The processes of problem solving, judgment, and decision-making each require appropriate effort and involve a variety of psychological steps (Figure 1). Often, decisions are reached at the end of significant prior thought and reasoning. However, there are many situations when we decide something 'spontaneously,' with little or no time to reason. These spontaneous decisions are often associated with functional fixedness, confirmation bias, insight and intuition phenomenology, heuristics, and algorithms.
Functional fixedness concerns the solution of object-use problems. This occurs when we look at an object as only being able to perform only a particular, intended function, instead of realizing that it may be used for another purpose as well. The basic idea is that when the usual way of using an object is emphasized, such as sitting on a chair, it will be far more difficult for a person to use the object in a novel manner, such as using the chair as a step stool to reach a light bulb.
Confirmation bias arises when a person makes decisions based upon what he or she already believes to be true. This occurs when objective information is available, but two different sides involved in a debate each believe the information supports their respective beliefs. The actual information is not usually taken into account to come to such a conclusion; instead, only the pieces of the information which support one's own belief are considered. This leads to errors in judgment and decision-making because people tend to reason in a subjective (emotion-based) manner rather than objectively - especially when personal interests and beliefs are involved.
Insight phenomenology is a sudden understanding of a problem, or a strategy that aids in solving problems. This usually involves conceptualizing the problem in a new way, which is often the result of prior thought and effort. Insight is most commonly associated with unstructured problems, rather than structured problems, and usually leads to a solution because of this new way of thinking. An example of insight problem solving is the kind of puzzle in which a group of letters must be rearranged into familiar words.
There are several views regarding insight, including the "Nothing-Special" view, the Neo-Gestaltist view, and the Three-Process view. The "Nothing-Special" view argues that insight is merely an extension of ordinary perceiving, recognizing, learning, and conceiving. Thus, insight is a product of nothing more than ordinary thinking. The Neo-Gestaltist view argues that insight problem-solvers show poor ability to predict their success, and do not feel positively better as they near the solution of an insight-problem. This would support the Gestaltist belief that there is something special about insightful problem-solving, as opposed to non-insightful and routine problem solving, where one experiences positive feelings as one nears a solution.
The Three-Process view argues that there are three different kinds of insights:
- Selective-Encoding Insights, which involve distinguishing relevant from irrelevant information;
- Selective-Comparison Insights, which involve novel perceptions of how new information relates to old information; and
- Selective-Combination Insights, which involve taking selectively encoded and compared bits of relevant information, and combining them in a novel way.
Intuition phenomenology is the ability to acquire knowledge without inference and/or the use of reason. Intuition is often conceived as a kind of inner perception, sometimes regarded as understanding; it provides us with views, understandings, judgments, or beliefs that we cannot always verify or justify rationally. Intuition processes typically remain unknown to the thinker because they are not deliberately thought of as part of rational thinking.

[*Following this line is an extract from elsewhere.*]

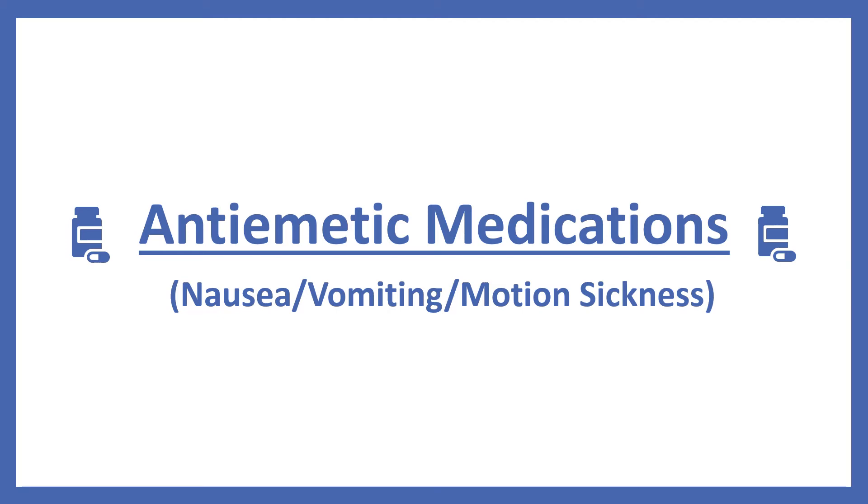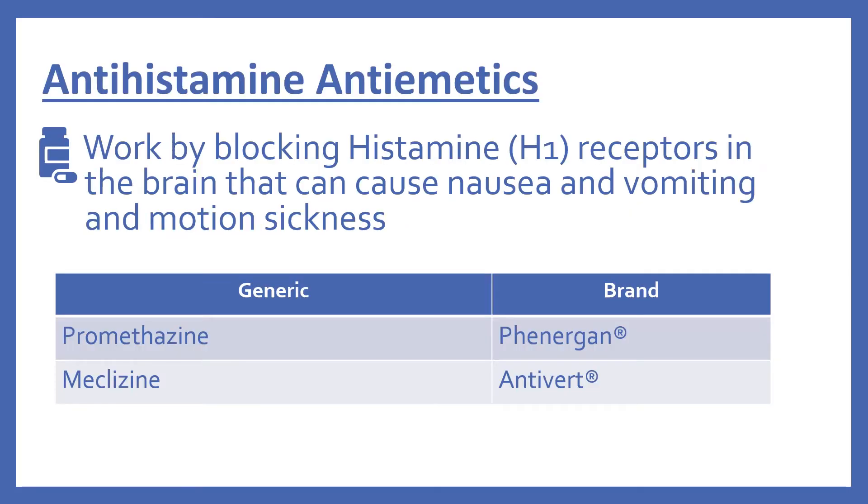Next are the anti-emetic medications. These are for nausea, vomiting, and motion sickness. First there are the antihistamine anti-emetics, and these work by blocking the histamine H1 receptors in the brain that can cause nausea, vomiting, and motion sickness. These include promethazine which is Phenergan, and meclizine which is Antivert.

Intuition phenomenology differs from insight phenomenology in that intuition, or the gut feeling one gets, is largely influenced by past knowledge and experience, whereas insight arises suddenly for a given context or problem which is not based on previous knowledge or experience.
Heuristics are simple and efficient rules, learned or hard-wired over time, that help explain how people make decisions, come to judgments, and solve problems - especially when facing complex problems or incomplete information. These "mental shortcuts," as they're called, do not always lead to the correct solution, but work well under most circumstances as an efficient and relative process. We use heuristics when we accept information or strategies as 'good enough' for our needs, even though there may be a better method. Examples of heuristics include making an "educated guess", comparing similar past experiences to a current experience to solve a problem, or using "common sense. "
Algorithms are mental processes which relate to how people understand, diagnose, and solve problems, mediating between a stimulus and response. They are rules that are not necessarily understood, but promise an accurate solution - unlike a heuristic. A mathematical formula is a good example of an algorithm, as it has a straightforward and step-by-step way of being solved.